## Material supplied
+++++

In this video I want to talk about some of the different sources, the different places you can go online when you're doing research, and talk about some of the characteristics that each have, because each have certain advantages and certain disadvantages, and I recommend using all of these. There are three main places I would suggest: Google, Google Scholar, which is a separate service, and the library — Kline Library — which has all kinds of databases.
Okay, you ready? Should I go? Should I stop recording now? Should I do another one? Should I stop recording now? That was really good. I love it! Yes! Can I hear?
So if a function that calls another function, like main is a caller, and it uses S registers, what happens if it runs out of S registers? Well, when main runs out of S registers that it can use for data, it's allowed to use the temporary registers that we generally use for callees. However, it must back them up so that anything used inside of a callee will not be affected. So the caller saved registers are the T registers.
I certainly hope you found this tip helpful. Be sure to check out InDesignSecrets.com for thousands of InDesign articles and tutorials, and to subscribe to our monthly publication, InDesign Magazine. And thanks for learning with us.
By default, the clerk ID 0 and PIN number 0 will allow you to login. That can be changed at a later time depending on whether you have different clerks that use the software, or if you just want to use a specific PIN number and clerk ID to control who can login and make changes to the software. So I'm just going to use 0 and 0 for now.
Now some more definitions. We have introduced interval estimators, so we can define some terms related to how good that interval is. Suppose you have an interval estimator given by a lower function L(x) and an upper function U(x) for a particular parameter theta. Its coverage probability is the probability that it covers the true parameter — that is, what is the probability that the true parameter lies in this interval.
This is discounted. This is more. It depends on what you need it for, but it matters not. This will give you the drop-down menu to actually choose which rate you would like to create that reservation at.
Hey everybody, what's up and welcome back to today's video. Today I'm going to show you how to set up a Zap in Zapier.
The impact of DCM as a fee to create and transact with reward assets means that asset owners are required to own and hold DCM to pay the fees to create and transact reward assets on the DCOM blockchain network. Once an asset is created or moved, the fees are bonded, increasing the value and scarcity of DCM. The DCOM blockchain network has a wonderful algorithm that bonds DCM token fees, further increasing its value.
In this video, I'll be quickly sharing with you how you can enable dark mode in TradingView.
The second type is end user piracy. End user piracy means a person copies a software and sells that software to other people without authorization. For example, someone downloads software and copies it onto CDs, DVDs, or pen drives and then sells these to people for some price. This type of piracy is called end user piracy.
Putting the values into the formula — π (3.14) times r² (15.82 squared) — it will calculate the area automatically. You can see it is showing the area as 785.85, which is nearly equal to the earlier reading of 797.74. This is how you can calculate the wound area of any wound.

+++++

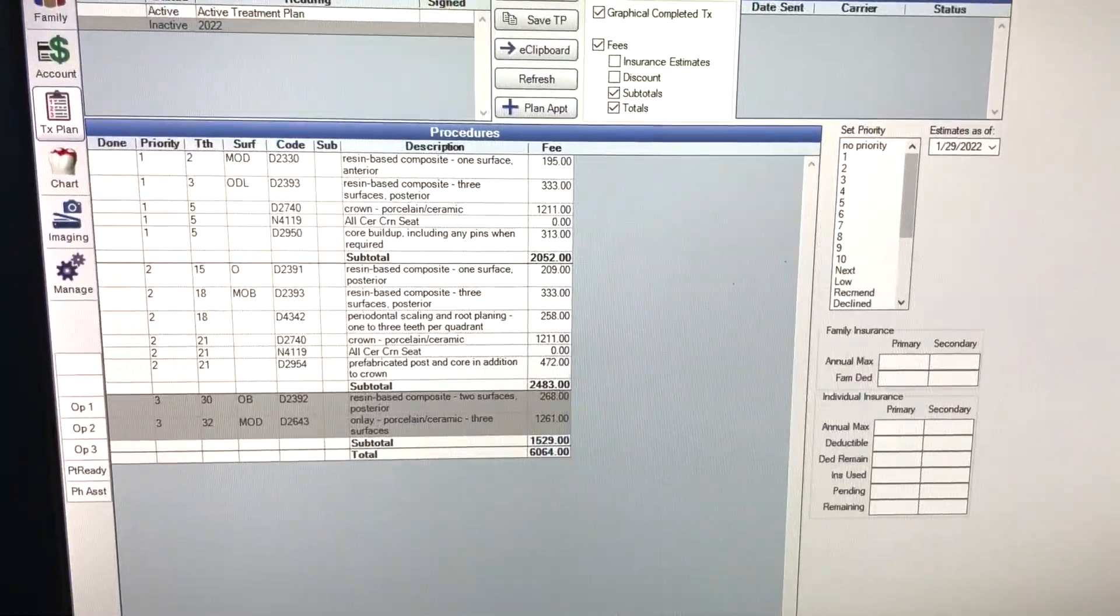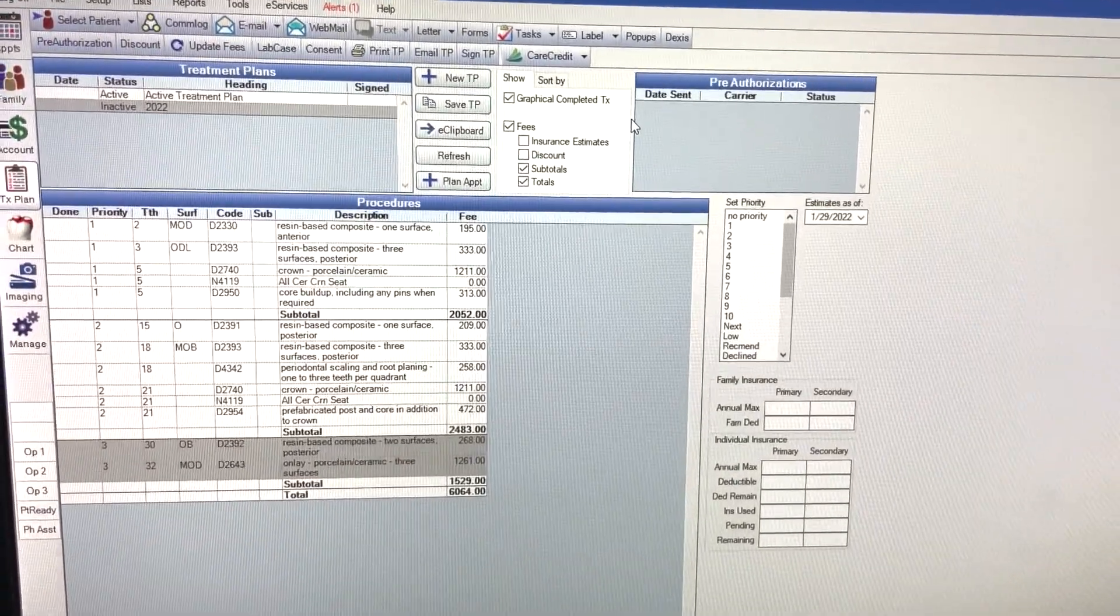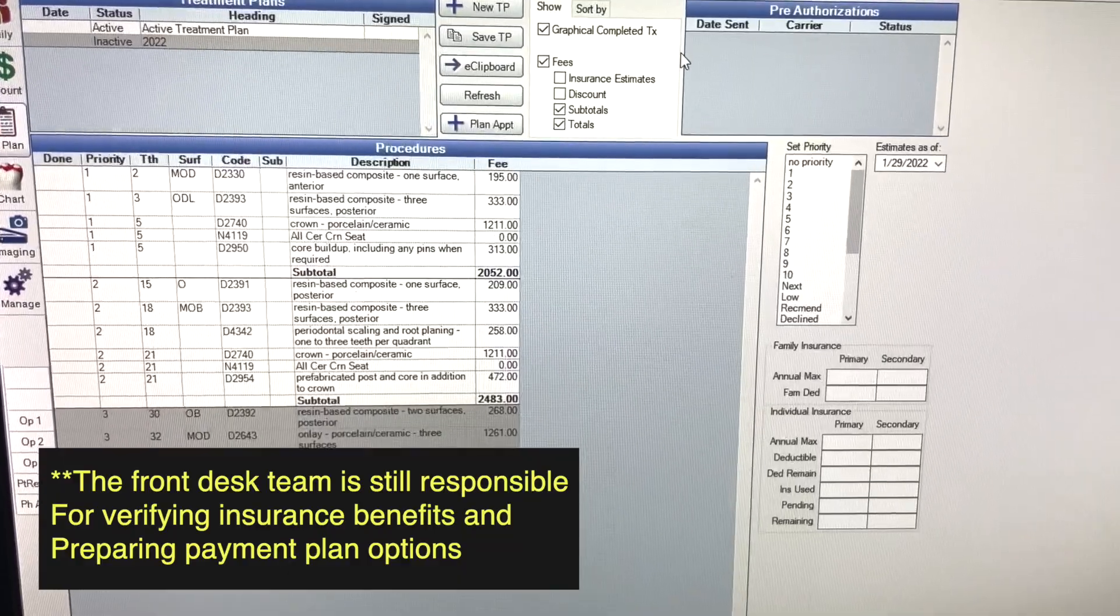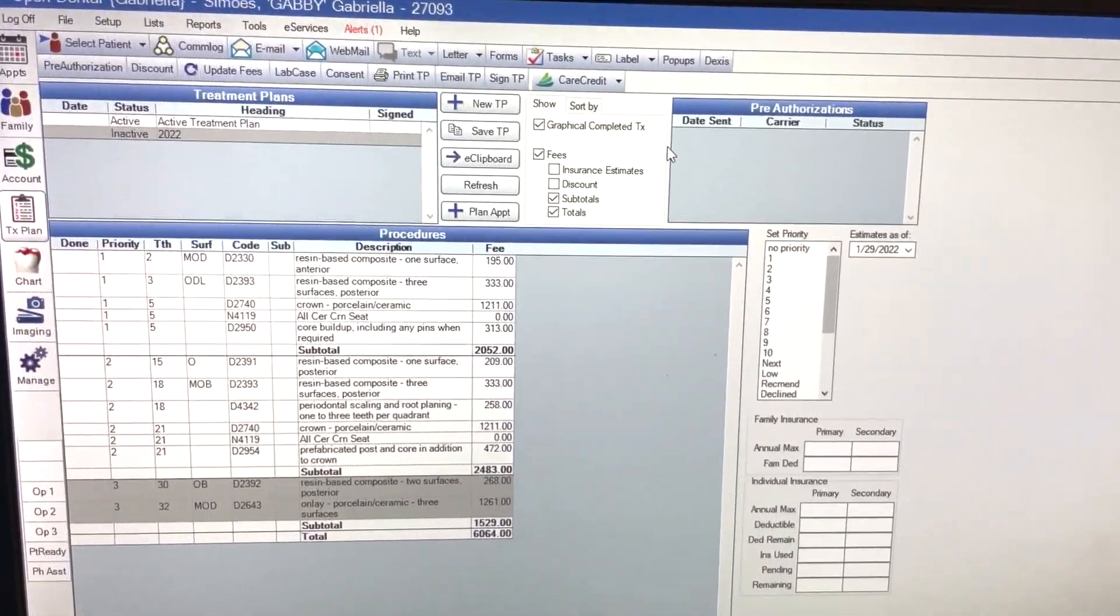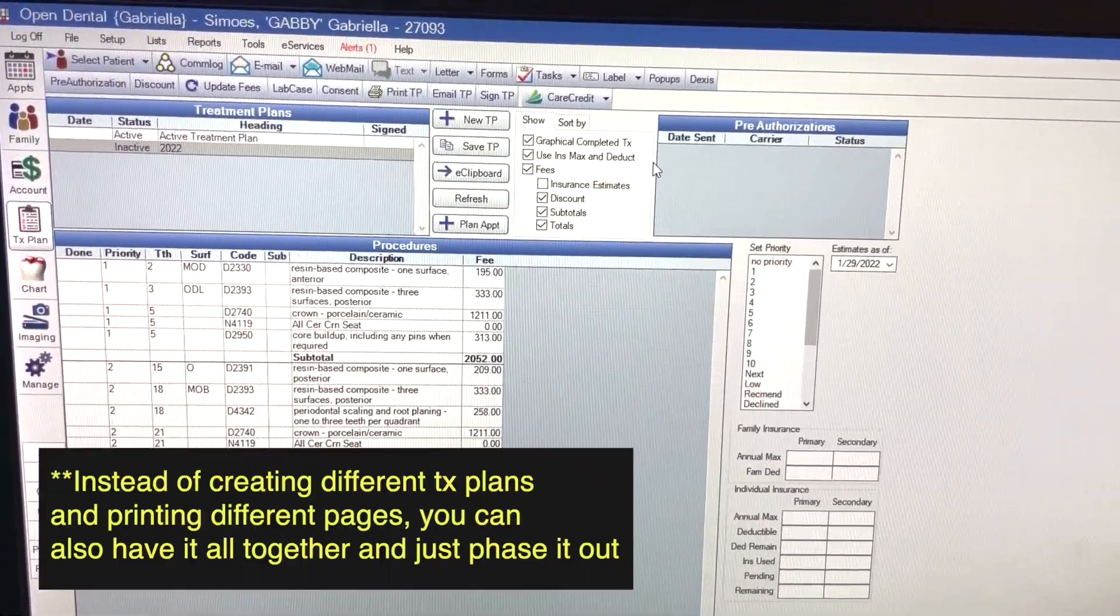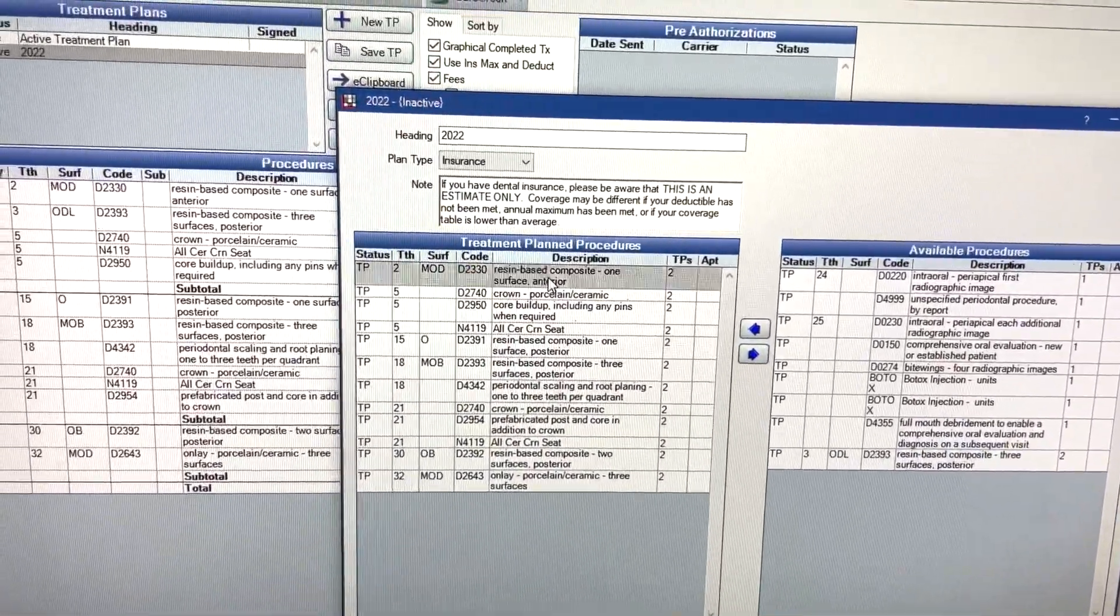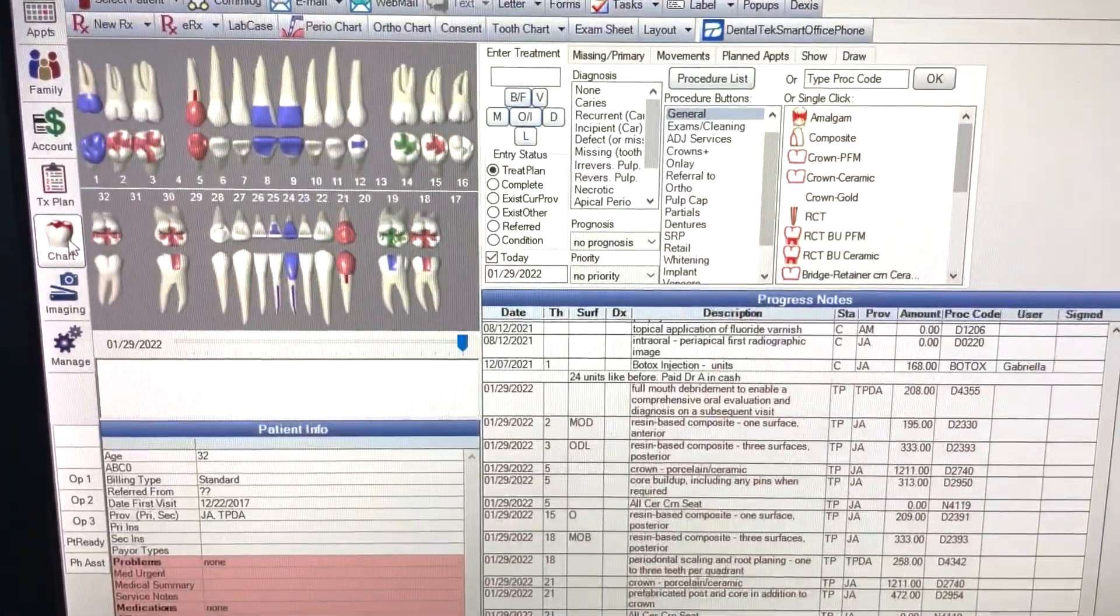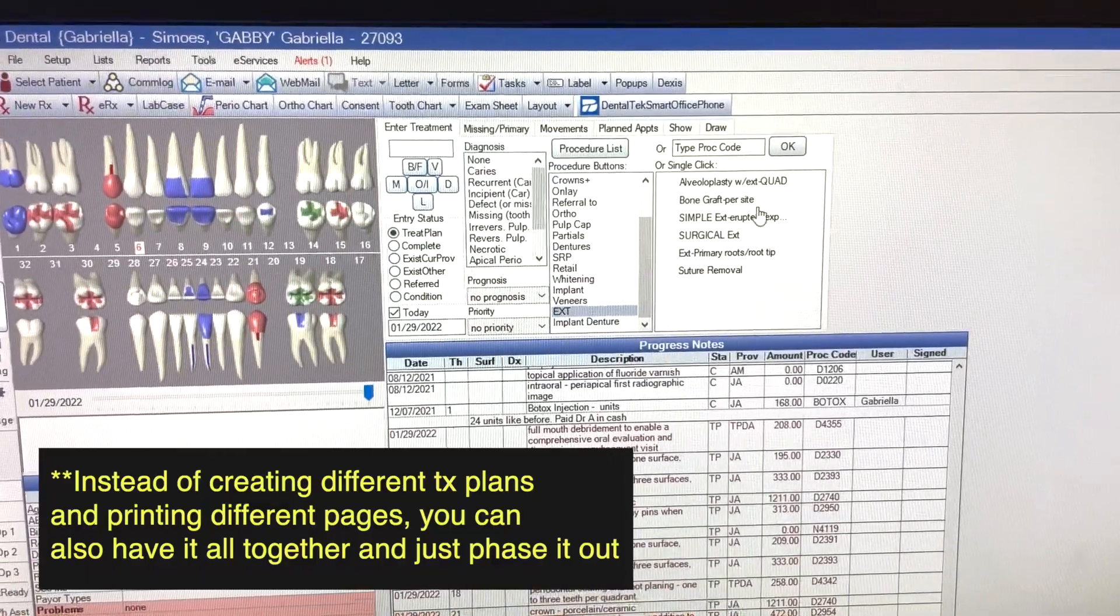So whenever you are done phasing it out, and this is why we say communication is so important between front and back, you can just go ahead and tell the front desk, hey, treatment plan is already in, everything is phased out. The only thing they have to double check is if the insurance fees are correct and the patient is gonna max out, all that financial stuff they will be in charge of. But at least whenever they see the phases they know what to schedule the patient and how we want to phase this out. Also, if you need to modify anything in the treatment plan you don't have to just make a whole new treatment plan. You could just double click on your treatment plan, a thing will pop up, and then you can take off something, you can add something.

+++++

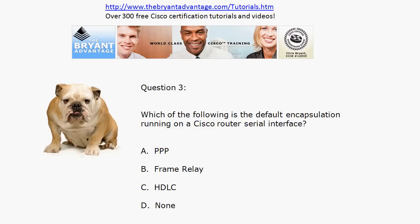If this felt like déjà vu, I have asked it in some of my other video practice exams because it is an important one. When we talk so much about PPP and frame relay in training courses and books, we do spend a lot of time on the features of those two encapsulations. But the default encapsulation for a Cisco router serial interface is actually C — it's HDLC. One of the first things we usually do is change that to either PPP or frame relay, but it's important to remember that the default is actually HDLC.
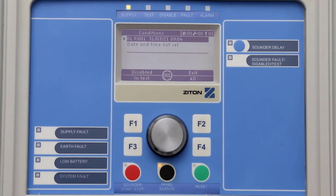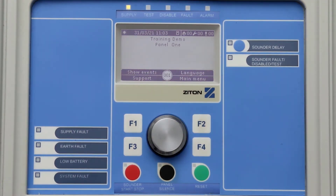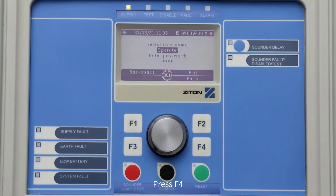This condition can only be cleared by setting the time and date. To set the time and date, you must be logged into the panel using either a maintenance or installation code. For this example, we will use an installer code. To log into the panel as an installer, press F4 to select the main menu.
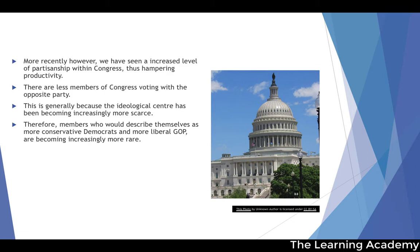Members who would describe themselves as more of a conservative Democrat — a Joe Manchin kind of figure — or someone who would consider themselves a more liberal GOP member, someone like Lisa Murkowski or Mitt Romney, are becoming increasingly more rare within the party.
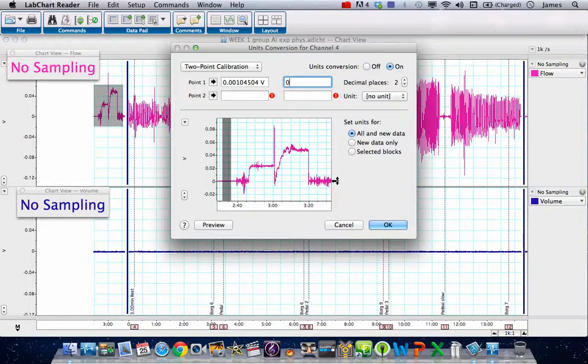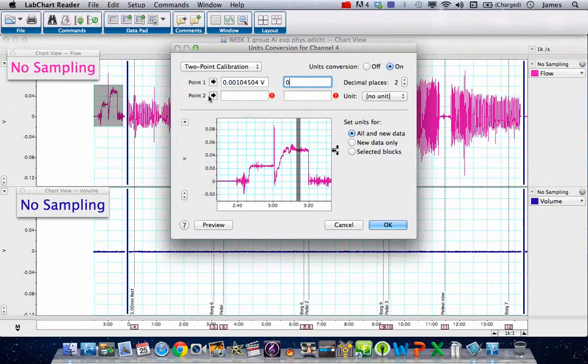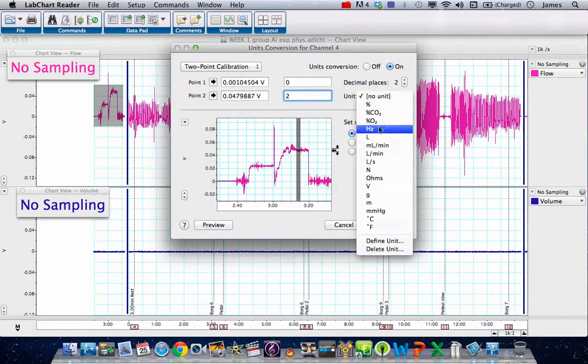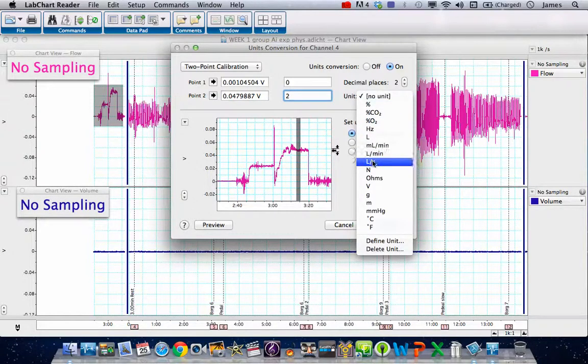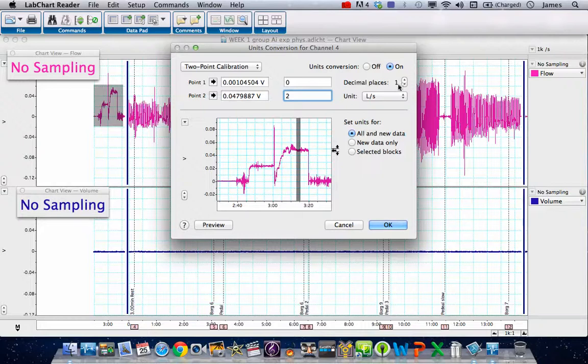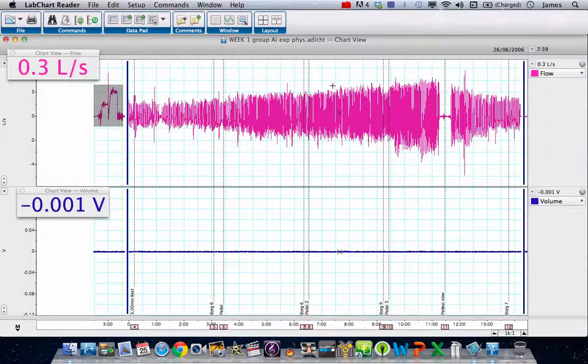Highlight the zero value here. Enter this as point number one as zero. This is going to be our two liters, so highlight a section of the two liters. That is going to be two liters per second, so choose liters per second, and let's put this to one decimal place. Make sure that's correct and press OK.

+++++

## Assigned task
Tally the lines that hold the word "create" in the listing, and give the tally with nothing else.

## Output below
2